Der Heilige Geist möchte gern ziehen, mit der Braut (Röm 13, 11 + 12 a). In 2. Thessalonicher 3, 5 schreibt Paulus: „Der Herr richte eure Herzen zu der Liebe Gottes und zu dem Ausharren des Christus“. Wo stehen wir jetzt? Bei der Reise wird keine Zeitangabe gemacht. So fügt Paulus beide Dinge zusammen. Die Liebe Gottes, die wir in 1. Mose 22 fanden, die Liebe des Vaters zum Sohne, die der Herr Jesus uns gleichsam weitergegeben hat.
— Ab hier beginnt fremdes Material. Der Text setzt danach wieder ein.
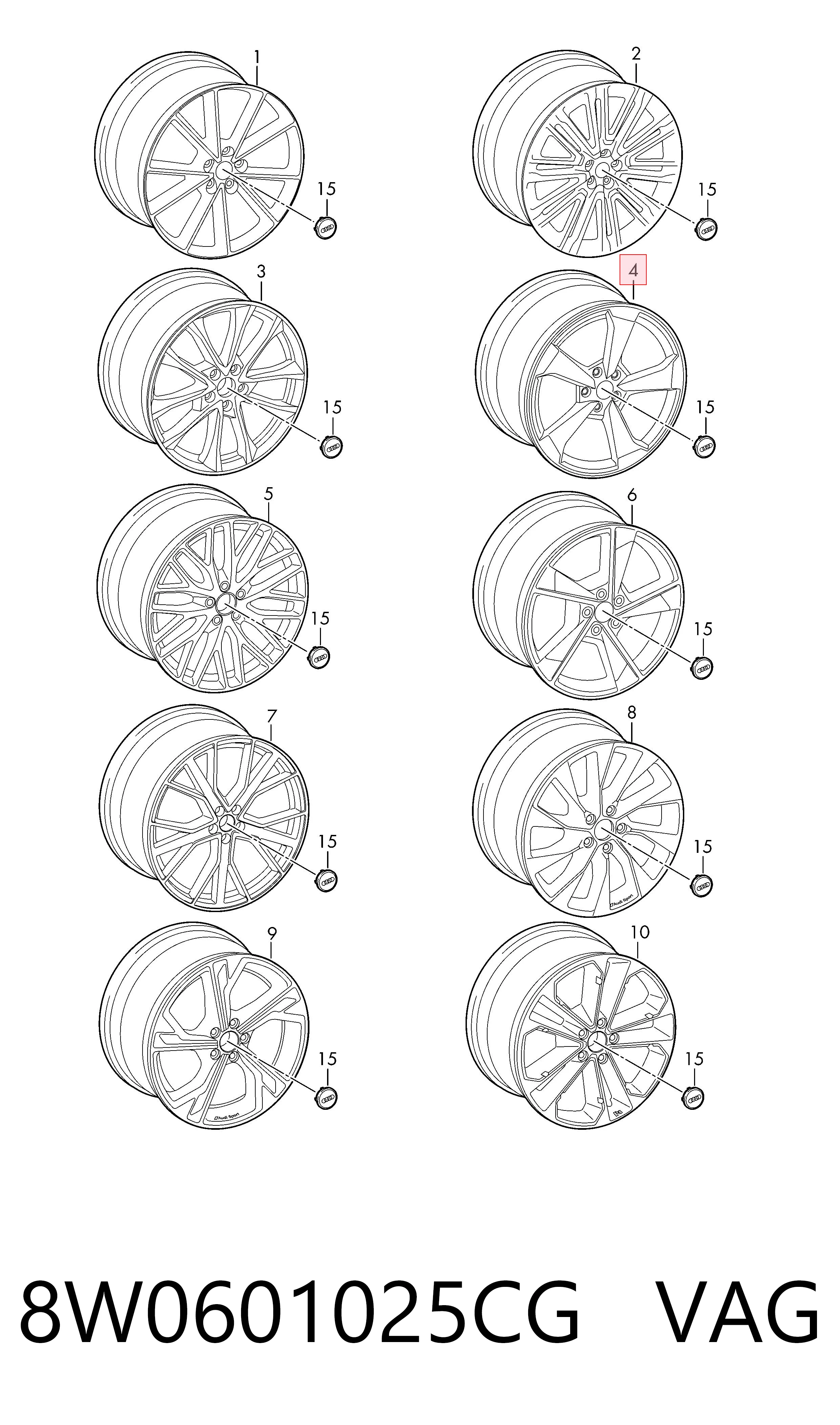 Discos de roda de aleação ligeira (de aleação ligeira, de titânio) VAG 8W0601025CG preço, a partir de 488,43 USD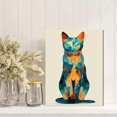 thumbnail image 2 of Qisvanset Vibrant Abstract Cat Canvas Print 12x16 Inch Hallway Art, 2 of 8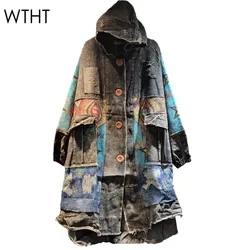 WTHT Vintage Fashion Women's Knit Spliced Blue Print Denim Long Coat 2024 Autumn Hooded Single Breasted Jacket Female 1LS207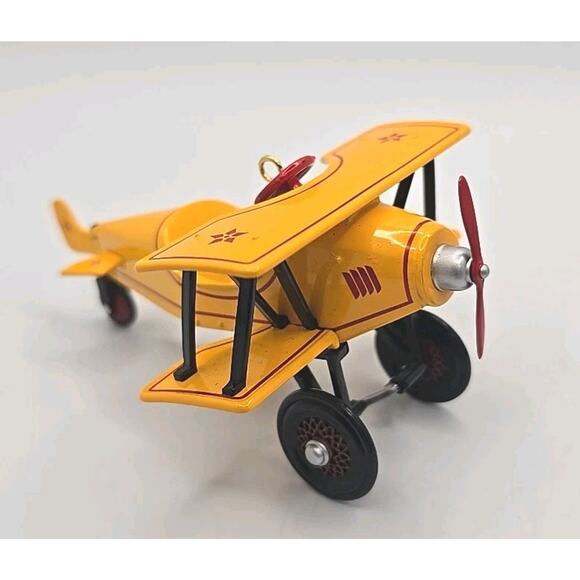 2001 Hallmark Ornament 1930 Custom Biplane Kiddie Car Classic New U67 - Picture 2 of 8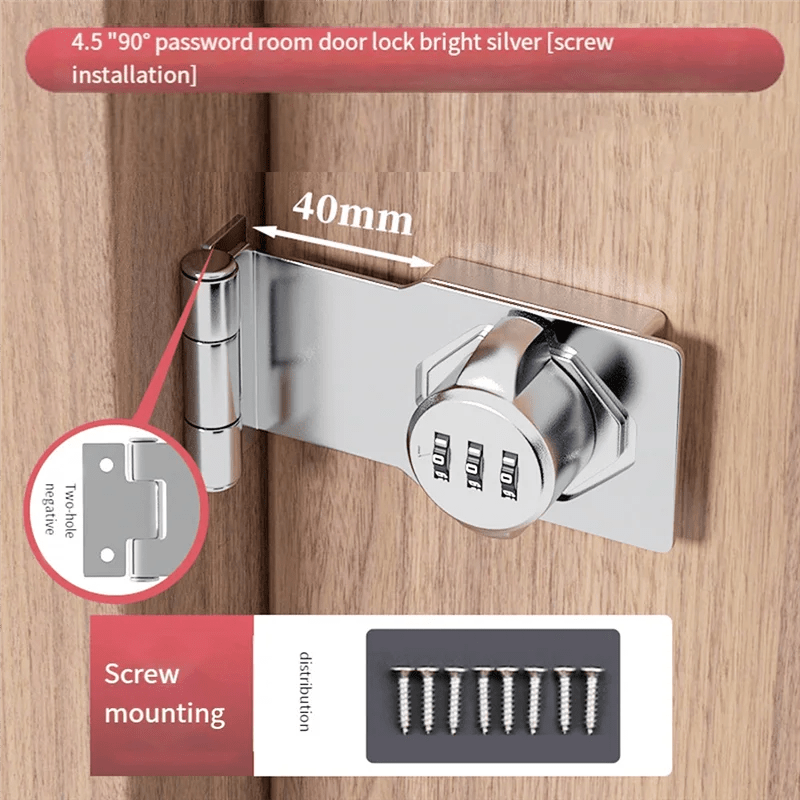 A82Z - Keyless Cabinet Combination Latch,Cabinet Password Locks For Cabinet,Mailbox,Office File Cabinet Lock 90°Angle Durable Silv - Lacatang Shop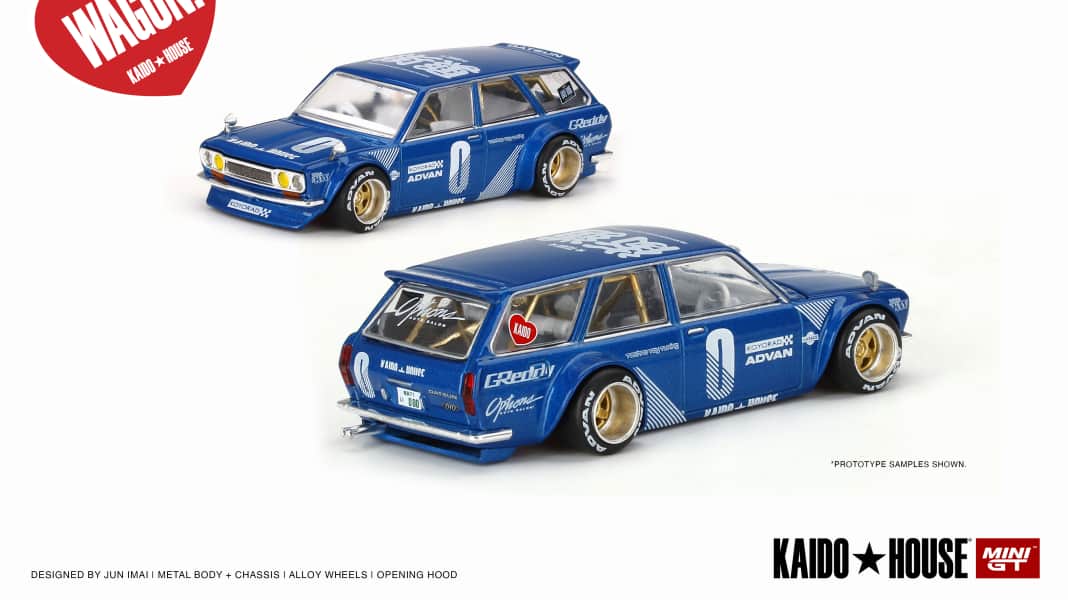 Pamperlaster mal anders: Kaido-House-Datsun 510 kommt von Mini GT in 1:64 auch als heißer Kombi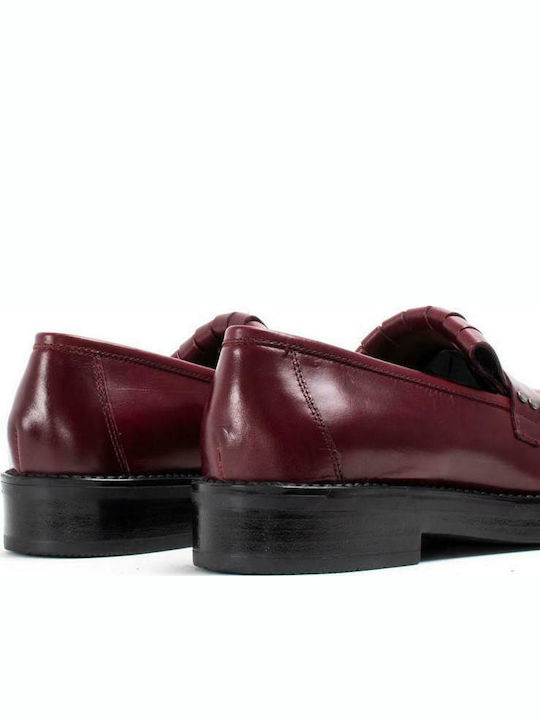 Paola Ferri Leather Women's Moccasins in Burgundy Color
Das lesen wir in Johannes 17. Auch hier in 1. Mose 24,67: „und er nahm Rebekka, und sie wurde sein Weib, und er hatte sie lieb“. Noch ist es nicht soweit, aber es soll uns daran erinnern, daß es bald soweit ist und daß Er das Ausharren dazu hat.
„Alles an Ihm ist lieblich“ (Hld 5,16). „Wer ist der Mann?“ „Das ist mein Herr“. Der Knecht zeugt von seinem Herrn.
In der vorbildlichen Bedeutung von 1. Mo 24 sehen wir nicht nur das Verlangen nach dem Kommen des himmlischen Bräutigams. Wir finden hier in erster Linie die Gefühle, die sich für uns geziemen, jetzt und hier, unsere ganze Zuneigung und Hingabe Ihm gegenüber. Findet Er diese Gefühle bei uns? Wird Er getröstet nach dem Tode Seiner Mutter (Israel)? Sein Trost ist, was Er bei dir und bei mir findet! Wir müssen bereit sein, zubereitet sein, um zu Ihm zu gehen. Haben wir alles fertig?